By not depending on a central server, or even a central router, distributed systems are more stable and more scalable. Imagine if multiple major cities relied on one single centralized service to provide their 311 platform. What would happen if this service suffered catastrophic hardware failure or if it were run by a business that wasn’t financially sustainable? These are things that happen on the web. Ma.gnolia is a social bookmarking service that competes with Delicious, but recently their infrastructure suffered a catastrophic hardware failure and all of the users’ bookmarks were lost. Similarly, Tr.im is a URL-shortening service that competes with Bit.ly, but recently they announced that they would be shutting down the service (and breaking all of their links) at the end of the year because they are not profitable. Even Twitter demonstrates its lack of stability on a regular basis and they’ve yet to prove that they are financially sustainable. Fortunately, there are signs of new life at Ma.gnolia and Tr.im, but preventing these types of systemic failures is exactly why the internet is designed with a distributed architecture.

Additionally, the internet has proven that the distributed model helps foster new innovation and new business while providing a better user experience by guaranteeing interoperability.  A distributed model does not preclude software as a service just as the internet did not prevent companies from leasing infrastructure and selling hosting services. This is a model that simultaneously promotes growth and prevents systemic problems, but it’s only possible with cooperation.

A Call to Action

This is a crucial opportunity to think globally and act locally.

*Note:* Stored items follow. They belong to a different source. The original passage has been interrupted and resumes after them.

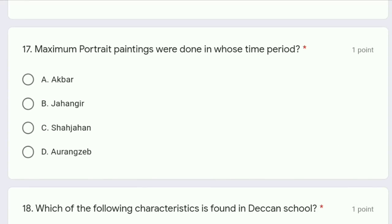Question 17: maximum portrait paintings were done in whose time period — Akbar, Jahangir, Shah Jahan, or Aurangzeb? The correct answer is Shah Jahan. It was the peak time of the Mughal era where most of the portrait paintings became famous.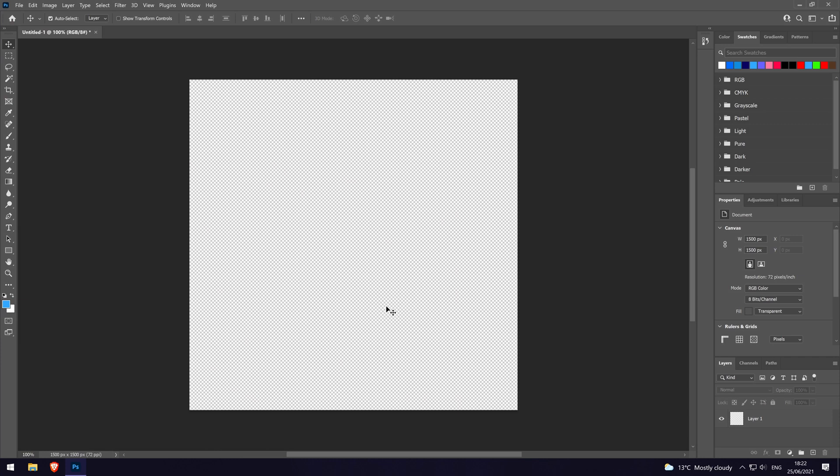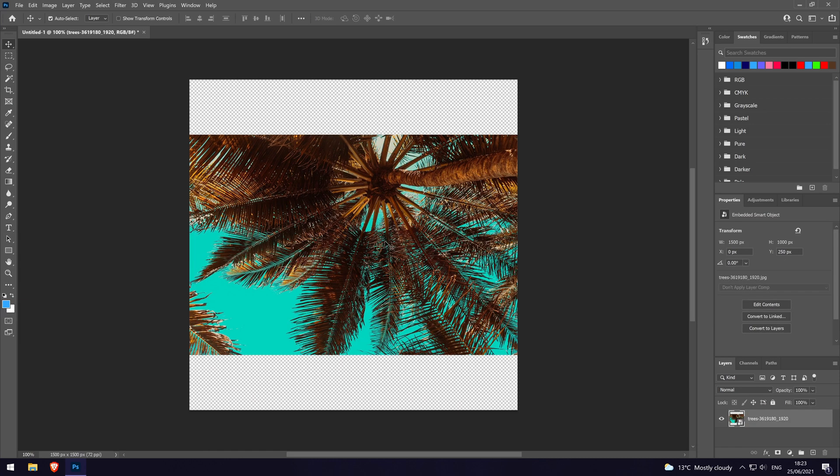Load up Photoshop and the first thing we need to do is add in the image that we want to use for the custom pattern. With it added, we need to select the area we want to include as the pattern. You can use the marquee tool to select this area.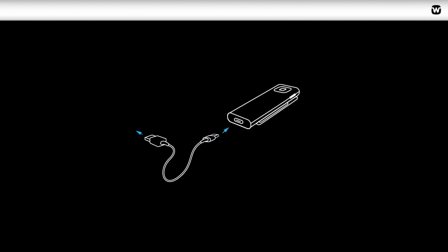Before you use the Remote Mic for the first time, make sure it is fully charged using the USB cable included.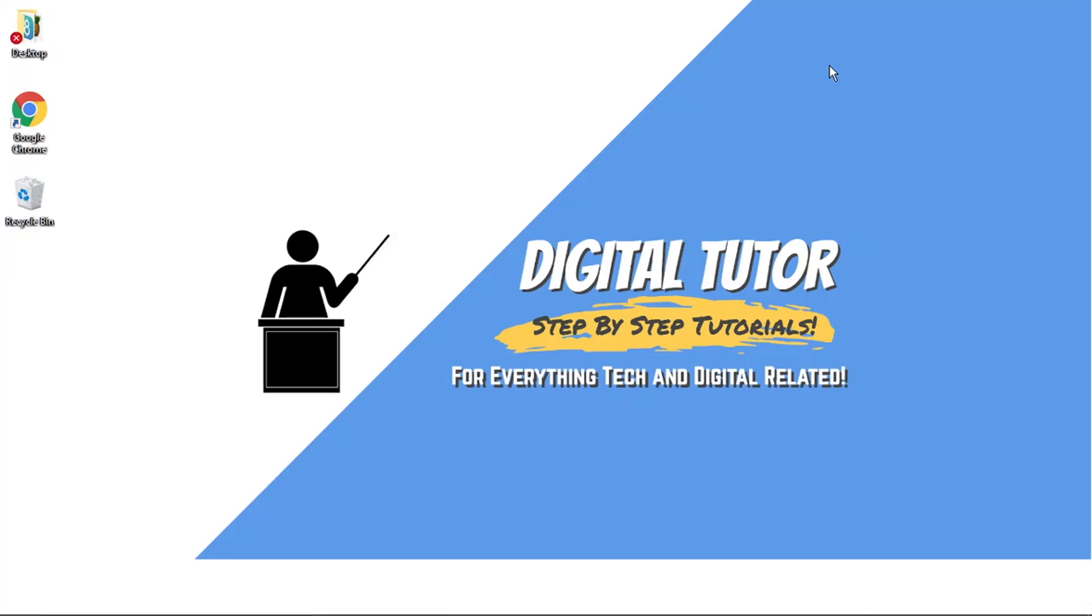Hi guys, what's going on? It's the Digital Tutor here with another step-by-step tutorial. In today's video I'm going to show you how to fix if you've got a high ping in Roblox in 2021. So these are two methods I'm going to go through and these are currently working as of 2021.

Please join the effort to establish an Open311 standard; speak up on our mailing list or edit the wiki. For this to work, we really need to hear from cities. Describe your city’s 311 infrastructure and how collective action can improve these city services. We have organized an Open311 DevCamp on October 24th in New York City with developers of 311 systems from both inside and outside city governments, so please come to that and help move this forward. As a proactive developer community we can help build better communities for all.

2 Comments Filed under Uncategorized 4:32 pm on September 25, 2009

I presented Open311 and the need for a standard at the Gov 2.0 Expo and it turned out that providing 311-like services as platforms was a continuous thread throughout both the Expo and the Summit that followed. Ben Berkowitz also gave a presentation at the Gov 2.0 Expo talking about SeeClickFix.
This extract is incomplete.